* [What needs to be done]
Filter the records for lines holding the string "Property".

Exercise materials START

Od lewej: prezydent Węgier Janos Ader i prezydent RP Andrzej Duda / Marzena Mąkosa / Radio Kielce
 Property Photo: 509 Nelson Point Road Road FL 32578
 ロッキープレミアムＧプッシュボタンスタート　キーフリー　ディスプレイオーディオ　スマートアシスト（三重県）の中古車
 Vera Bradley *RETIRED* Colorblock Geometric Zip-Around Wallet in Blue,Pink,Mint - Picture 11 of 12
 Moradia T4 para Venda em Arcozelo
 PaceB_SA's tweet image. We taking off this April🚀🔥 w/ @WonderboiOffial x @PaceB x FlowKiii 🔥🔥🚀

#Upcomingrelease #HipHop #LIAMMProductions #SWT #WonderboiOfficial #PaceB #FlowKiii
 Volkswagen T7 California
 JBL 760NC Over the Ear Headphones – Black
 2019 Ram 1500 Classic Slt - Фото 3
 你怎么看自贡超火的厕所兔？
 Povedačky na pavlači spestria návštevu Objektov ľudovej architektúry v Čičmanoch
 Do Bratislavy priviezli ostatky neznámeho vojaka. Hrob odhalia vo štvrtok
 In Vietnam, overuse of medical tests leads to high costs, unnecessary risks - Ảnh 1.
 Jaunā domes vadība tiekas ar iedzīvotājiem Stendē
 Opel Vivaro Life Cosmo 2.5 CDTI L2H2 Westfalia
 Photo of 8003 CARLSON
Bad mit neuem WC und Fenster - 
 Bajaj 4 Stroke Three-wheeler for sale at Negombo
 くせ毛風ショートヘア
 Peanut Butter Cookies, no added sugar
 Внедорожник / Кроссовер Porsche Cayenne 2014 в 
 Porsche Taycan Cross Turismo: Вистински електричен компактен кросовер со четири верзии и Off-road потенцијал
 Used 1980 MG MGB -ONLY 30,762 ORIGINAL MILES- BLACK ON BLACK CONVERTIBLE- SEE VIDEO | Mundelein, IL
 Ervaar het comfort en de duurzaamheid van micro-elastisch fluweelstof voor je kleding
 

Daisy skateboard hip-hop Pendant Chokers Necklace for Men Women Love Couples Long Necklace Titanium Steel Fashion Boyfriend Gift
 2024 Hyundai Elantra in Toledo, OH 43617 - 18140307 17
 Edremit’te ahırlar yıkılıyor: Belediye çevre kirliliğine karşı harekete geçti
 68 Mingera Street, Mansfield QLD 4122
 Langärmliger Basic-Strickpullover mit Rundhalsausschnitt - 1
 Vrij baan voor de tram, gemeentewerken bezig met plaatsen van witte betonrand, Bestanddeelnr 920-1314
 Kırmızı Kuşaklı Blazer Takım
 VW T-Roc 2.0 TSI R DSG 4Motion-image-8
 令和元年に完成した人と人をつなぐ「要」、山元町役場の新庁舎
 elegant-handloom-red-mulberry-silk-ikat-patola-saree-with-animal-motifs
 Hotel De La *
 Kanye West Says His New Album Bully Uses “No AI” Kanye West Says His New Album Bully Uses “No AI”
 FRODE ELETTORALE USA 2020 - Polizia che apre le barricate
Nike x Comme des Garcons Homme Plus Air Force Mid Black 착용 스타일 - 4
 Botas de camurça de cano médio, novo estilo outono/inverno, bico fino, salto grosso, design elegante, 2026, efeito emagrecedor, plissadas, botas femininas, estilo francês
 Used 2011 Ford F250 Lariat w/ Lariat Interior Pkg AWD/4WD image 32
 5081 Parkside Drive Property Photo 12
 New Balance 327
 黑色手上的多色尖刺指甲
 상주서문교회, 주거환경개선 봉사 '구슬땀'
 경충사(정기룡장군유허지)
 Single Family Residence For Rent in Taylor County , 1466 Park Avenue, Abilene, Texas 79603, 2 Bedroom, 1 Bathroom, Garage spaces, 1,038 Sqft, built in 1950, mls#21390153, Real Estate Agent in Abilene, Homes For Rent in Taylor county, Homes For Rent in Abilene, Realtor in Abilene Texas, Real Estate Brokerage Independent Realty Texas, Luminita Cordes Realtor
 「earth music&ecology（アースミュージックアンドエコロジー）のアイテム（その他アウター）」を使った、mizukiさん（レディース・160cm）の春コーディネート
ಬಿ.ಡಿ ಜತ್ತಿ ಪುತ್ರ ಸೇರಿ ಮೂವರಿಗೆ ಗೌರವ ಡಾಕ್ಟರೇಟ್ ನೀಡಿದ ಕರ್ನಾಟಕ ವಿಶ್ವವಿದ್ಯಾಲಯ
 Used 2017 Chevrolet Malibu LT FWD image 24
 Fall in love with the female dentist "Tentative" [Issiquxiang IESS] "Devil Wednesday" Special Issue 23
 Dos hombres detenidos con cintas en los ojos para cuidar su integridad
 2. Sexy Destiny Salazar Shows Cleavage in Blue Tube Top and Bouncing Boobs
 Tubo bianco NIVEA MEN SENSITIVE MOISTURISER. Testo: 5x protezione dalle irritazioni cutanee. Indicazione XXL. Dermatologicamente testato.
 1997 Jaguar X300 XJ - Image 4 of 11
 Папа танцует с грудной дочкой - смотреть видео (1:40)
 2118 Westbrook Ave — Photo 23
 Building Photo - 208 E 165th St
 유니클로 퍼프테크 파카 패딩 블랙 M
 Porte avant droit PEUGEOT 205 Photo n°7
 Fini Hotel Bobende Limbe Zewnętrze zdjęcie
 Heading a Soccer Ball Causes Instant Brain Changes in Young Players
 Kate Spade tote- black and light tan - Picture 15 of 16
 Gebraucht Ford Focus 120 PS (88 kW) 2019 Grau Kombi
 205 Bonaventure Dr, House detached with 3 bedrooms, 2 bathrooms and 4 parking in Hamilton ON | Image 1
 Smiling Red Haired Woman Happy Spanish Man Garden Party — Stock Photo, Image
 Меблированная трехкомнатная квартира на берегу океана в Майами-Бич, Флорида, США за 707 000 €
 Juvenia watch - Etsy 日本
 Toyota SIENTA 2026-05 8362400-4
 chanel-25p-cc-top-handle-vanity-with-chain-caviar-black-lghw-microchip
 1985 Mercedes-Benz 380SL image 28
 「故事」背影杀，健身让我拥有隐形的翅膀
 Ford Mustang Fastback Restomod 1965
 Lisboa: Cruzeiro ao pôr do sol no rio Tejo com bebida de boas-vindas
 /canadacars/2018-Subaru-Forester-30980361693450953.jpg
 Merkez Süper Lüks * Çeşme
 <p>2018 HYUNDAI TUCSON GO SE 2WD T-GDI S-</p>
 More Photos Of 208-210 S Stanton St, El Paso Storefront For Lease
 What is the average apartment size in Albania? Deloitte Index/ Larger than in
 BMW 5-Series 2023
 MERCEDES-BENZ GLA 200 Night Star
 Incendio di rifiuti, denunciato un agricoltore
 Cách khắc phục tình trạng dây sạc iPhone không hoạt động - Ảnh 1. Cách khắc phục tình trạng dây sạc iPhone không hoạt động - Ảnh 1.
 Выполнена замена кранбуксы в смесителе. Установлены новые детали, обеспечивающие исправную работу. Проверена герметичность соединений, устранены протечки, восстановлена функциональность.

Exercise materials END

* [Answer to this task]
 Property Photo: 509 Nelson Point Road Road FL 32578
 5081 Parkside Drive Property Photo 12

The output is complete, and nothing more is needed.